Transcript of May 16, 1986 hearing, 7949:19-7950:1.
The Commission subsequently ordered Pacific Bell to make revisions to its Tariff Rule 12 (D.87-12-067, 27 CPUC2d 1, 52.) The objective of those revisions was to provide "full explanation of residence optional services requested by the customer and a quotation of the associated tariffed rates and charges." (Id.)
Currently applicable Tariff Rule 12 requires that Pacific Bell provide a quotation of all "recurring rates and nonrecurring charges" which apply to each service a customer selects. The quotation must be "stated separately for each optional service designated by the customer." (Emphasis added).
Thus, Tariff Rule 12 and the Commission decisions require that when offering packages of services, Pacific Bell must (1) offer basic exchange service apart from packages of optional services, (2) disclose that package components can be purchased separately, and (3) itemize each price on a stand alone basis.
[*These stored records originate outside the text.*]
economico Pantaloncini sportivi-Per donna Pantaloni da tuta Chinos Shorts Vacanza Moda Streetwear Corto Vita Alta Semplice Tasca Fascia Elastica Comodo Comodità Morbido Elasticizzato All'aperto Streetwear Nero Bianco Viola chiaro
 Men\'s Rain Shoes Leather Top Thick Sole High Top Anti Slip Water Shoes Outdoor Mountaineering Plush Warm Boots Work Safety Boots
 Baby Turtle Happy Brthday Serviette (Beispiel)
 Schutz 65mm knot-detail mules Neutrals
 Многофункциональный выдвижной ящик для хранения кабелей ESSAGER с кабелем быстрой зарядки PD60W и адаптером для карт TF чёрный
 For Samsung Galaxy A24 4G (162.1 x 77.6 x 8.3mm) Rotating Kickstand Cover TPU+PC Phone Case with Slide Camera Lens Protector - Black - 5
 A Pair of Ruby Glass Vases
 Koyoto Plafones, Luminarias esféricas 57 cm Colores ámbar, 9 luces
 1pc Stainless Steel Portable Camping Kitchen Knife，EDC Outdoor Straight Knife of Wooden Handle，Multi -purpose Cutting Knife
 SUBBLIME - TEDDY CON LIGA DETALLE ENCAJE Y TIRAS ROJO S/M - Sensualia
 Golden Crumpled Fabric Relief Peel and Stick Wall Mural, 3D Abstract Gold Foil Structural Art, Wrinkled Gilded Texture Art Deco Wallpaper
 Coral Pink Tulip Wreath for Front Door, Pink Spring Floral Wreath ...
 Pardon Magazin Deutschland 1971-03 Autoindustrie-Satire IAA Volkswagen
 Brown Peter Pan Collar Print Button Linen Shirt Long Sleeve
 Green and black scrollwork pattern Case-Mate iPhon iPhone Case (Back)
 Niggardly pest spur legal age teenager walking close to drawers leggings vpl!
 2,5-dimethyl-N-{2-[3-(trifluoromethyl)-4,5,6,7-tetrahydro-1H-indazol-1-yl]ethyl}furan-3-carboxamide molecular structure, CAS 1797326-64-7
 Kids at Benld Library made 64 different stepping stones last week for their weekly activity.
Unfortunately, as we discuss later in today's decision, Pacific Bell's practices at issue in this proceeding do not satisfy these requirements.
5.4. Information Regarding Caller ID Blocking
Section 2893 applies to providing Caller ID "blocking," i.e., withholding the display of the caller's telephone number. That section requires Pacific Bell to comply with the Commission's rules on blocking services which the Commission adopted in conjunction with its authorization of Caller ID service. Consistent with § 2893, the Commission directed that a caller have the capability to withhold display of the caller's telephone number, on an individual basis, from the telephone instrument of the called party. The Commission explained the linkage between Caller ID and blocking services in terms of the right to privacy of telephone subscribers:
"Our goal must be to ensure, to the greatest extent possible, that the decision to allow a calling party's number to be displayed is the result of informed consent and a knowing and intelligent waiver of the right to privacy. To this end, we will seek to maximize the ease and freedom with which a caller may choose not to disclose the telephone number from which he or she is calling."
* * *
"So long as telephone subscribers are fully informed of the nature of the service and the nature of their blocking options, disclosure will be consensual and will manifest a waiver of the calling party's privacy rights."
(D.92-06-065, 44 CPUC2d 694, 713-4.)
To inform customers of these new services, and the privacy consequences, the Commission directed Pacific Bell to undertake a substantial customer education effort, under the supervision of the Commission's staff, prior to offering the services. The details of that effort, the Consumer Notification and Education Plan, were approved by the Commission in Resolution No. T-15827 (December 20, 1995.) Although Pacific Bell has completed the customer education effort, neither privacy concerns nor the informed consent standard were subject to an expiration date, and they remain in effect, as does § 2893.6
Therefore, in providing Caller ID and blocking services, Pacific Bell has the duty, under statute and Commission order, to inform each customer of the opportunity to withhold display of his or her telephone number. Having duly informed the customer, Pacific Bell then would ensure that the display of the telephone number represents a knowing and intelligent waiver of the right to privacy.
6 Section 2893 requires Pacific Bell to "allow a caller to withhold display of the caller's telephone number." To hold, as Pacific Bell argues, that it has no obligations to inform customers of the availability of the blocking options, would have the effect of negating the statute. It does customers little good to guarantee them a right about which they are not informed.